Aid Worker: Myanmar Scene of Crimes Against Humanity
May 22, 2008 | Read Time: 2 minutes
“I am an eyewitness to a terrible violation of human rights directed at victims of Cyclone Nargis by their own military government,” writes an aid worker, upon returning from Myanmar, on the Reuters AlertNet blog.
The blogger, who wants to remain anonymous for fear of jeopardizing his charity’s operations, describes how his charity was blocked from bringing aid to people in the cyclone-devastated Irrawady Delta. “We were told we could give the supplies to the military and they would distribute them for us,” he recounts. “After hearing stories of where military aid was going this was not an option.”
Aid groups are having to be creative. Some are hiring local teams to distribute aid, and training them on the spot. But the blogger says he’s worried that the supplies are being denied to members of the country’s oppressed ethnic Karen people.
“Our worker told me he had spoken to several Karen communities who had been bypassed by military trucks packed with relief goods despite pleading to soldiers for help,” the aid worker writes. “He thinks the military are denying aid to minority or separatist groups in the hope of exterminating them.
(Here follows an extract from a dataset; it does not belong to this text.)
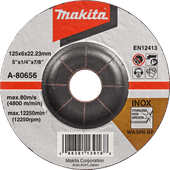 Makita Afbraamschijf RVS 125 millimeter Slijpschijf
If this is true, the junta are knowingly killing their citizens.”
The writer calls on all governments to renounce the acts of the Myanmar junta as crimes against humanity. “I must ask: ‘How many crimes against humanity does it take to call it a crime against humanity?” How many days of closed checkpoints will the victims have to endure? How many days will foreign disaster experts have to watch children dying on the TV in their Rangoon hotel rooms?’”
He concludes: “Most aid workers on the ground are in agreement that without immediate intervention the death toll could easily overtake that of the 2004 Indian Ocean tsunami.”